Kathy and Drew had used the front door, and the fire had developed between Finn, who had been forced down the stairs, and Fitzgerald in holding. Yet, as soon as Finn had his wits about him, he’d gone back in. Risked himself for a guy who appeared to have little love from his fellow townspeople. The action had been pure bravery layered with stupidity.
Max could understand why he had done it.
“What do you think?”
Max looked up to see the chief staring down at him in his crouch. “I don’t think we can help anymore,” Max concluded. “Forensics on this won’t give us anything else. It’s a cop matter now.”
“I came to the same conclusion.” Quinn sounded tired, and Max stood with a stretch.
The expression on the other man’s face was one of confusion and defeat. “We can’t always have the answers,” Max offered.
Quinn nodded. “Twenty-four years I’ve been here, first as a lieutenant, now chief, running the place on a shoestring, and six months from retirement an arsonist falls on my lap. I wanted everything tied up before moving on. Let’s pray this is a one-off that can be dealt with.”
“I’ll start pulling the intel together for the cops,” Max said.
The job of the fire guys was to take the evidence to the cops, study burn patterns, work out possible areas where the firebug could have been. Added to that, after ten years of experience Max was able to work up a valid profile of who could have done this. Of course, his frame of reference was the city of Nashville, where the spectrum of reasons was huge. Ellery was smaller, and maybe his familiarity wasn’t so spot-on. Still, he could get something to the cops if it helped. As it was, the bottle would need to be fingerprinted by the cops. The rest of it was their responsibilty.
“I need you to liaise and do your thing. I cleared it with Mayor Dexter for you to be with us today.”
“Shit,” he muttered.
The chief glanced up at him and frowned.
Damn, he didn’t want to contradict the chief, but he’d known something like this would happen one day, just not on his second day in town. He wanted to present a reliable face to his new boss; didn’t want to give the mayor the impression that he was undependable. It was a problem faced by a huge number of firefighters who juggled a job and being a volunteer, but he wasn’t used to it, having moved from being a full-time firefighter.
“Son, you were taken on as an administrator with the express agreement that you’d be a firefighter as well.”
Max nodded.

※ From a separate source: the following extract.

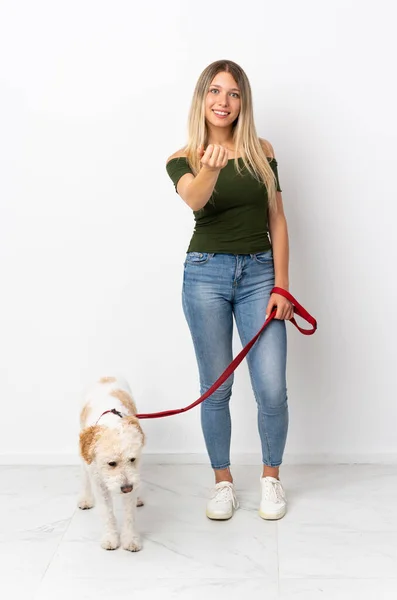 Mulher Caucasiana Jovem Andando Cão Isolado Fundo Branco Convidando Para — Fotografia de Stock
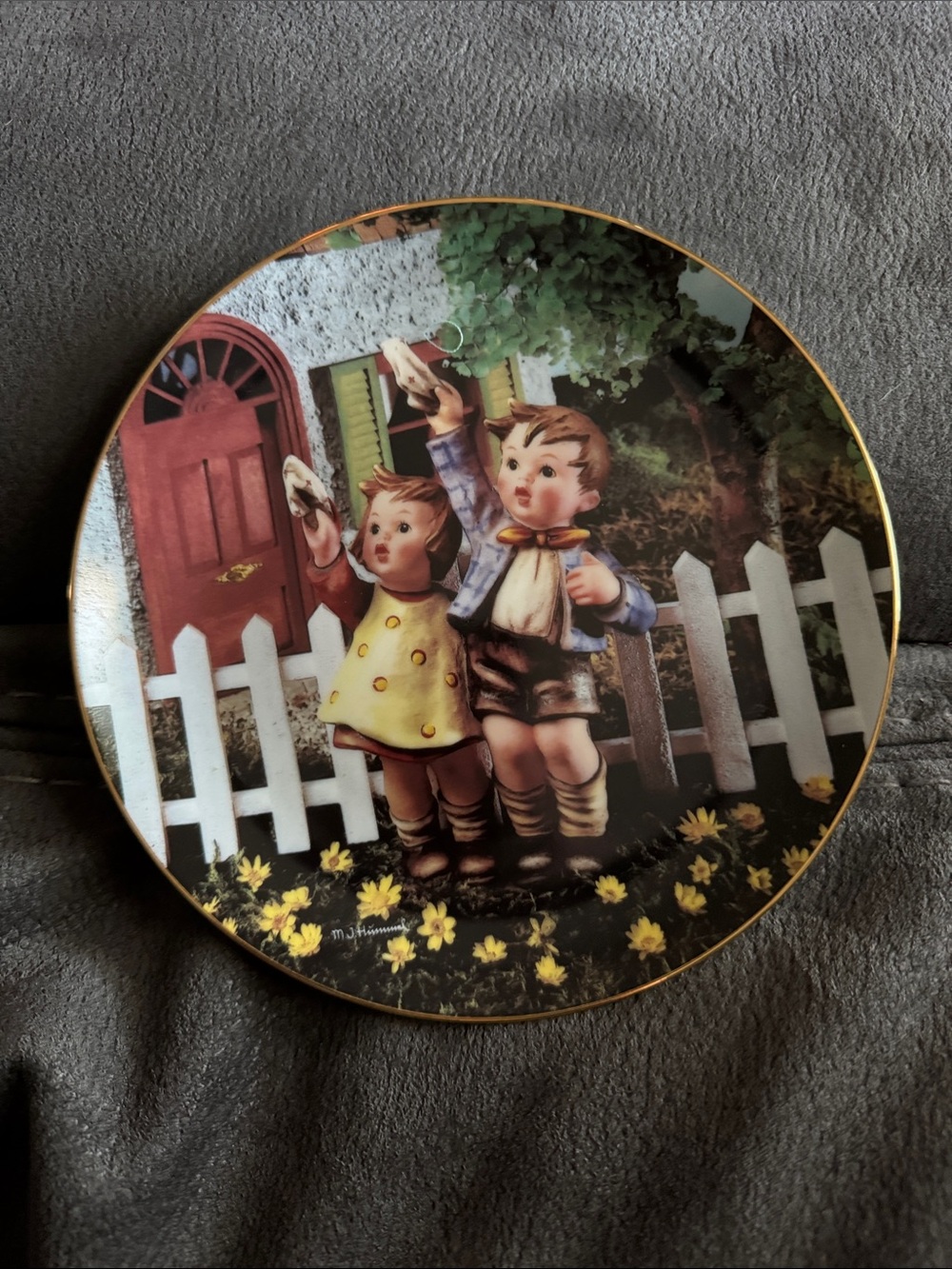Danbury Mint Hummel Come back soon. Little Companions Plate Series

After what had happened to him back in Nashville, he was more than aware that he was stupid—waiting for the axe to fall.
“I need you to check in with Corporal Ryan. See if he witnessed anything. The mayor said he’s dividing off some office space for the cops until they get a new site up and running. As soon as the cops are set up at the mayor’s office, get on over and give them the heads-up on everything we know.”
“And good work last night, Harrison.”
Max thanked him and left, thoughts about what he had seen and been told still spinning in his head. Only one thing floated to the top, past the arson, past the exhaustion that made him long for bed. The cops were setting up at the mayor’s place. That was going to be cozy.
Finally out of the building, Max headed straight for his truck. Red, solid and rust-free, his old Ford had served him all through college and the city and lastly to here, slap-bang in the middle of the Smoky Mountains.
Climbing in, he patted the dash affectionately as he did every single time he sat in her. “Okay, girl,” he said, “looks like I brought the shit from the city.” He waited until the road was clear, then pulled out onto Main. “So much for a quiet life.”
At least he’d get to see Finn again, if only in a professional capacity. Then he could see how green was his gaze when his eyes weren’t bloodshot.